At 72, Henry Cooper remains one of the most popular sports personalities in Great Britain, his diary full, constantly in demand for speaking engagements and personal appearances. “I’m as busy as I’ve ever been,” said the former British heavyweight champion.
Cooper’s popularity dates back 43 years shortly after Cassius Clay gained a ten-round decision against former light-heavyweight contender Doug Jones at Madison Square Garden.
The victory moved Clay into the No. 2 position, behind Floyd Patterson, and while he waited for Sonny Liston to dispose of Patterson in their rematch, Clay’s associates looked around for another, preferably rated, opponent whose defeat could ensure that he took over the No, 1 slot. They settled on the British champion Cooper as the man most likely to provide him with a win with the minimum risk or inconvenience.
Cooper, a likeable, modest fighter, was unfortunately somewhat fragile, weighing around 188 lbs. and prone to cuts. He had been knocked out by Joe Bygraves, Ingemar Johansson and Zora Folley, and stopped on cuts by Uber Bacilieri and Peter Bates. He had won a Lonsdale Belt (given to British champions) outright, but his overall record was an unimpressive 27 wins and a draw in 36 fights.
Clay’s showmanship drew a crowd of around 30,000 to Wembley Stadium in north London to see whether the brash 21-year-old could fulfil his prediction :
LondonBridgeis falling down
And so will Cooper in London Town
For three-and-three-quarter rounds the fight went according to Clay’s script. Cooper pressed, even drawing blood from Clay’s nose in the first round, but generally played straight man to the clowning Clay. In his book The Illustrated History of Boxing, the late Harry Mullan wrote: ‘It seemed almost as if Clay was holding him up so as not to spoil the prediction, which stipulated a fifth-round finish. The cut-prone Englishman was already leaking from several injuries around the eyes. But then, in the dying moments of the fourth, Clay got careless. Cooper backed him into the ropes, Clay’s arms hanging loosely by his sides in the style that had rewritten boxing’s textbooks. Cooper stepped in with a perfect left hook and the American crashed to the floor, his right arm hooked over the middle strand of the ropes.’
Clay regained his feet, unsteadily, at four, but the bell rang before Cooper could follow up the advantage. A split had opened in Clay’s left glove during the third round and Angelo Dundee summoned referee Tommy Little to the corner to inspect the damage.

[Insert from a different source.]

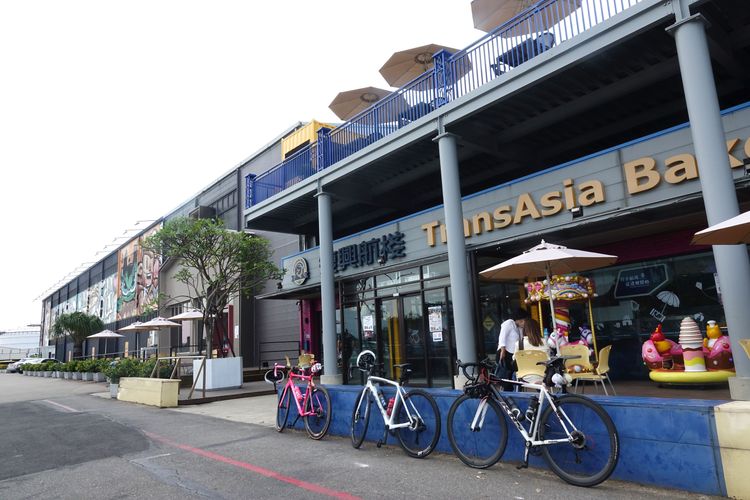 《航棧綠洲》進駐更多美食。中保科提供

The suspicion that the glove had been tampered with has never been proved but in any case it provided Clay with only a few extra seconds in which to recover. His head clear, Clay went for Cooper. Seventy five seconds later, his slashing blows had brought blood spraying from four different cuts around Cooper’s left eye, and forced the referee to stop the contest. It was the closest Clay came to defeat for eight years and that single powerful hook transformed Cooper’s career making him a national hero.
By the time they met again three years later, Muhammad Ali, as Clay had become, cut Cooper to defeat in six rounds of an anti-climactic rematch at Highbury, the Arsenal football ground in London.
Cooper let no one down, least of all himself. He fought to the limit of his powers and for three or four rounds the world champion was perceptibly worried by the determination of his opponent’s attacks.
Bloody defeat did nothing to undermine Cooper’s popularity. Forty years on he remains in demand as a speaker at corporate functions and a competitor at celebrity golf matches. Two weeks ago he was fitted with a pacemaker but does not expect it to interfere seriously with his activities. “I’ve been lucky,” he said this week. “After all these years I’m not forgotten. It saddens me to see the way Ali is now because he was such a great fighter. I’ve got my contests with him to thank for my way of life and he always treated me like a gentleman.”